Set the report path:

.specify/systems/<primary-system>/debug/debug-YYYY-MM-DD-<slug>.md

Create the debug/ directory if it doesn't exist.

Phase 3: Automated Triage (Parallel Sub-agents)

Launch up to 4 diagnostic sub-agents in parallel. Each is read-only — no code modifications.

3.1 Infrastructure Health Agent

Model: haiku Task: Check the health of all services and resource usage.

- Run: docker compose ps
- Run: bash scripts/health-check.sh
- Run: docker stats --no-stream --format "table {{.Name}}\t{{.CPUPerc}}\t{{.MemUsage}}\t{{.NetIO}}"
- Check if affected service(s) are running and healthy
- Check port availability for affected services
- Check Colima resource allocation: colima status
- Report: which services are up/down, resource pressure, port conflicts

3.2 Log Analysis Agent

Model: haiku Task: Search service logs for the error and surrounding context.
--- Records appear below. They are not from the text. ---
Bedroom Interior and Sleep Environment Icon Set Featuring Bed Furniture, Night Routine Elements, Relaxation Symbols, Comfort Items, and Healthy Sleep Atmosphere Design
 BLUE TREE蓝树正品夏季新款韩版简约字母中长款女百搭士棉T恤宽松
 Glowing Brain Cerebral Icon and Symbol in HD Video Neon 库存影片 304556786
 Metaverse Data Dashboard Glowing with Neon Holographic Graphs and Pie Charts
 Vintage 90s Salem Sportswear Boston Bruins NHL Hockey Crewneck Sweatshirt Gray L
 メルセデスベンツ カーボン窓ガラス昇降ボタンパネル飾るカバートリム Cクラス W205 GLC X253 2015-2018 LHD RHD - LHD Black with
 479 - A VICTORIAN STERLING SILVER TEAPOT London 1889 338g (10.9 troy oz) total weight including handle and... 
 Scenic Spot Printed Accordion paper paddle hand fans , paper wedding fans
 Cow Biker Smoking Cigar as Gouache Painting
- Run: docker compose logs <affected-service> --tail 200 --timestamps
- Run: docker compose logs <upstream-dependencies> --tail 100 --timestamps
- Grep logs for the exact error message
- Grep for related patterns (connection refused, timeout, OOM, restart)
- Look for temporal correlation with other service errors
- Report: relevant log excerpts, error frequency, first occurrence timestamp

3.3 Dependency Trace Agent

Model: sonnet Task: Map the request path and check each hop.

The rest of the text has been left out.